Visto lo visto, la novela es una sucesión de topicazos como una casa (uno no puede evitar acordarse de la deleznable “Equalia” de “Los Simpson”), pero están tan bien distribuidos que hasta el lector más exigente podrá pasarlos por alto. Me hice con esta novela gracias a un pack de literatura zombie que me descargué por ahí hace ya varios meses. Y entre los enormes montones de basura (pero basura de verdad) que me he ido encontrando, esta es una de las pocas cosas que se salva del incinerador. Aunque al principio cuesta distinguir a cada personaje (en este caso, hablamos de seis vikingos barbudos y armados hasta los dientes) conforme nos vamos metiendo en harina lograremos identificar los rasgos más característicos de todos ellos. No puede decirse que cada personaje esté bien definido (Yuri y Stanislav son perfectamente prescindibles), pero resulta grandioso imaginarse a esta partida de guerreros en el fragor de la batalla.

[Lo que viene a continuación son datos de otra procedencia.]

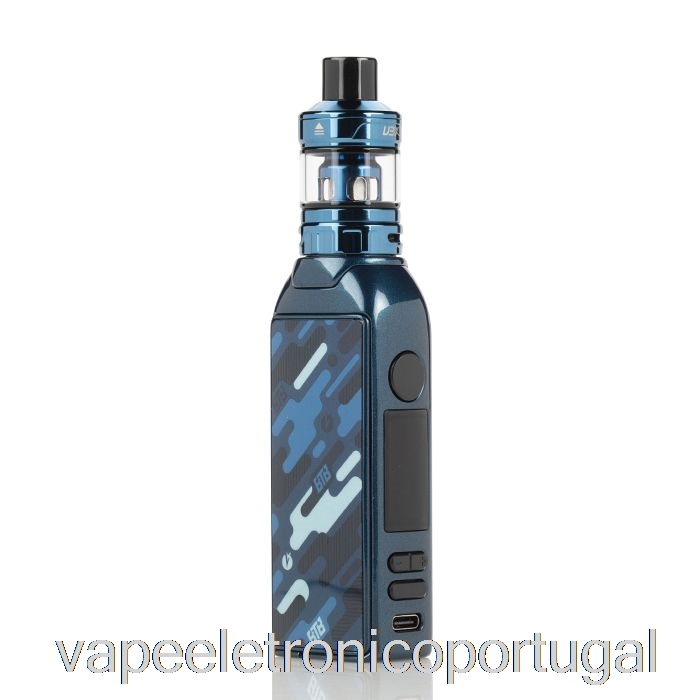 Vape Eletrônico Perdido Vape Btb 100w Starter Kit Azul Camo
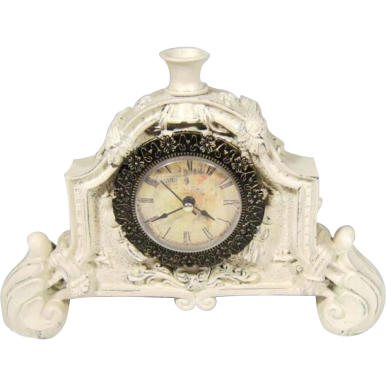 Biały zegar [WW24584-10]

Las historias no siguen un nexo de unión, salvo el estar protagonizadas por los integrantes de la banda. Un primer relato está dedicado a un señor del Caos que resucita cada cien años para combatir a un mago inmortal; una segunda historia nos muestra como Torben y compañía las pasan moradas para recuperar una valiosa reliquia de manos de un poderoso hechicero orco; en una tercera, la banda tendrá que vérselas con vampiros... Hasta llegar a la última historia donde (ahora sí) tendrán que salvar una comarca de ser arrasada por los zombies. Todo ello adornado con el romanticismo y la épica de una Edad Media reimaginada (Kislev no es otra cosa que el Principado de Kiev, el germen de la futura Rusia; y Ostermark no deja de ser una comarca del Sacro Imperio Germánico). Y para los que se lo estén preguntando, sí, la novela me sigue pareciendo infinitamente mejor que ese petardo pseudohistórico que es “Juego de Tronos”.

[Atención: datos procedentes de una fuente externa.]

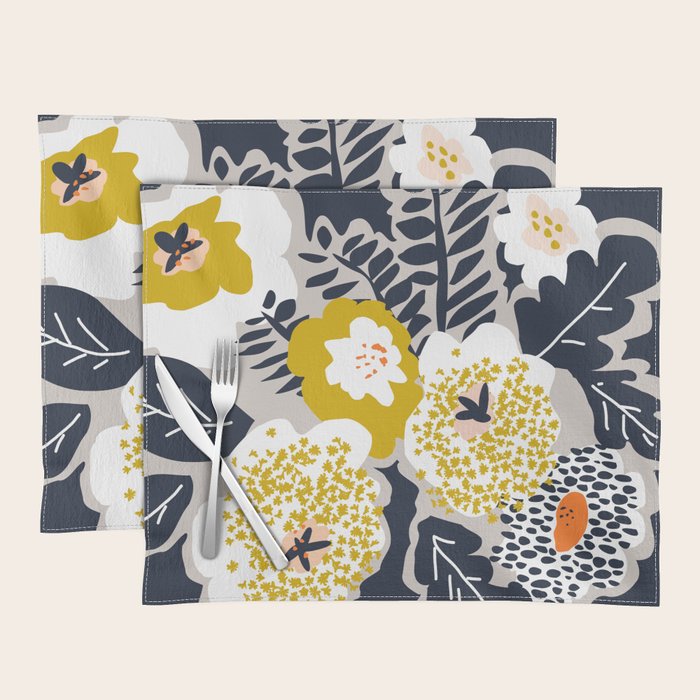 Scandinavian flowers greet you Placemat Gallery Image 1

Una posible crítica es que el final es demasiado cortante, dejando a los personajes exactamente en el mismo punto en el que empezaron. Durante la aventura, Torben se pregunta por el futuro de su banda y qué haría en el caso de que esta se separase, pero no se va más allá. Los personajes se ven obligados a elegir entre estar muertos o estar “condenados a estar muertos” (de ahí el título de la novela), una disyuntiva que, a mi juicio, no tiene mucho sentido si tenemos en cuenta el desarrollo que ha tomado la historia. Sí, es un final pesimista, pero uno se esperaba más de unos héroes que han salido airosos de todos los peligros. Lo de Pieter era esperable aunque, tratándose de mi personaje preferido, me habría gustado que tuviera un final más digno. Porque ese es otro de los puntos fuertes del texto: ante todo lo que se les viene encima, los héroes sangran tanto que el lector piensa que no van a conseguirlo.

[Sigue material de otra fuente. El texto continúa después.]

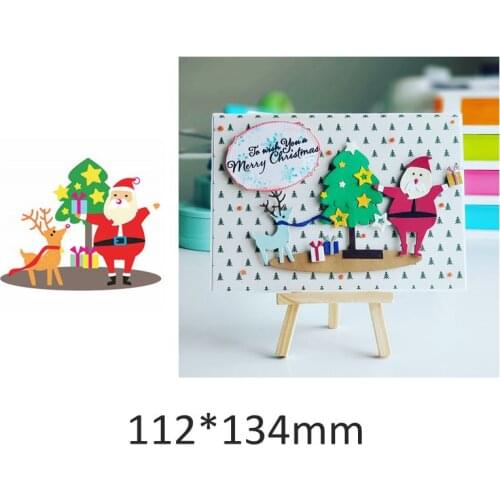 Christmas Star Tree Santa Claus Deer Gift Metal Cutting Dies DIY Scrapbooking Craft Cards Stencils Embossing Die Cut New 2019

Aun con todo, la novela promete y es muy entretenida, recordándonos tan pronto a un capítulo de “Hércules y sus viajes legendarios” (sí, el cutre telefilm de Kevin Sorbo) como a la deliciosa “El Ejército de las Tinieblas” (en un capítulo, la banda de mercenarios llega a refugiarse en un molino para hacer frente a una horda de duendecillos). La narración es sencilla y algo previsible, pero no por ello deja de tener su encanto. Los amantes de la fantasía vuelven a estar de enhorabuena.